Both field trials collectively gave us about 50 h of interaction data. Students spent an average of 33 min on the dengue case with the least time spent being 10 min and the maximum 50 min. Considering time spent as a proxy measure of student engagement, we can perhaps conclude that students were motivated and all of them completed the case till the end. Figure 4b shows the distribution of overall time spent on the case as well as in individual learning activities. Students appear to have spent more time in key features, clinical impression and student questioning activities.
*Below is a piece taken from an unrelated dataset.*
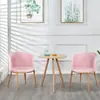 Mesa de Comedor y Sillas de Negociación Nórdica Imitación Madera Maciza Combinación Moderna Simple Apartamento Pequeño Creativo Ocio Mesa Redonda Silla Tienda de Té con Leche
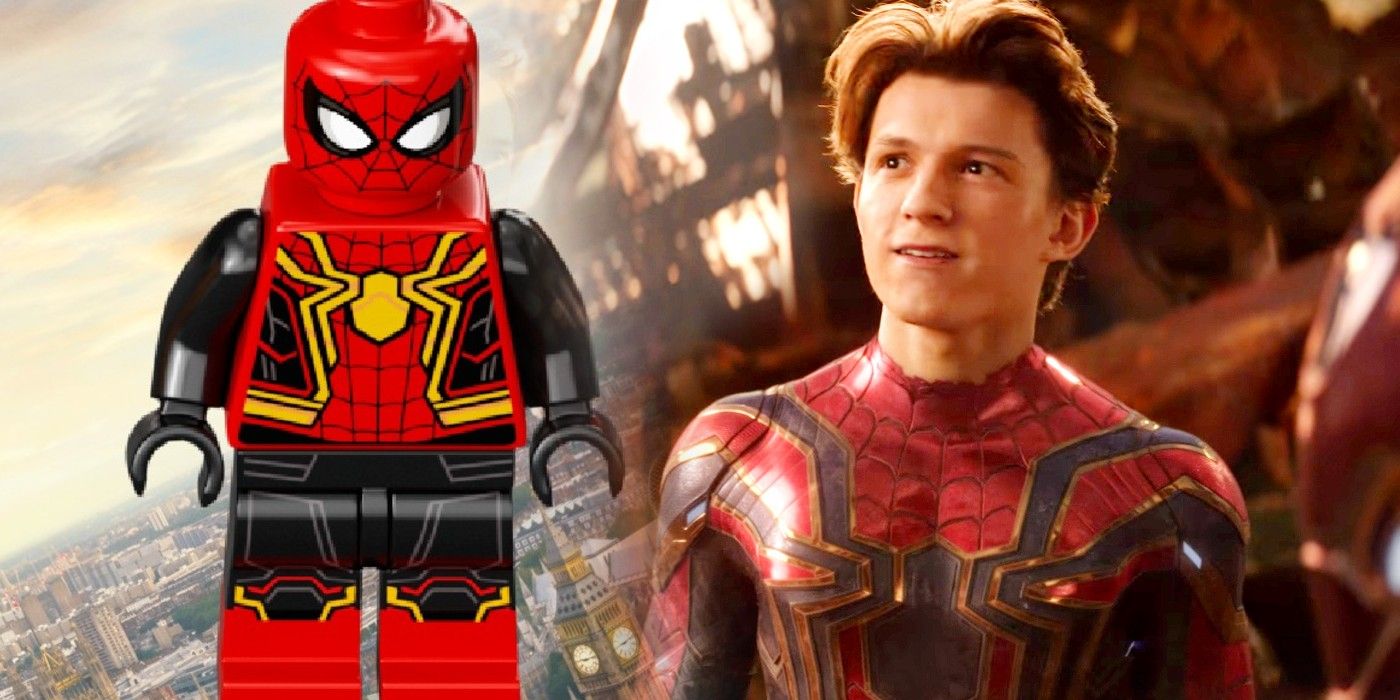 LEGO No Way Home suit and Tom Holland as Peter Parker Spider-Man in Avengers Infinity War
To sum, the survey results and data from these initial evaluations are positive and encouraging. Usability, learning gains and engagement seems to be high among the students from the field trials. Students also proposed areas of improvement in MST specifically regarding instructions not being clear and not knowing the response expected by the tutor. Students also cited instances where the tutor was not able to understand their responses. Understanding nuances in natural language and medical vocabulary is a huge NLP challenge and this is being currently worked at to improve the experience. However, the reported limitations do not come in the way of achieving a superior learning experience.

10 Summary

We described the Medical School Tutor (MST) as a holistic learning tool driven by AI techniques to prepare medical students in their transition from academic study to clinical application. The interaction design modeled on CBL pedagogy engaged students with realistic clinical cases. The content and context understanding enabled using NLP techniques allows seamless introduction of curriculum resources and generation of appropriate feedback. The survey results show high scores on usability, learning gains and engagement; and validate the purpose and efficacy of conversational tutoring in complex medical domain. The combination of clinical cases with medication foundation curriculum through conversational interface seems to be a novel and an enriching experience for students. In future, MST aims to provide a truly personalized tutoring experience featuring responses adapted to student’s learner model.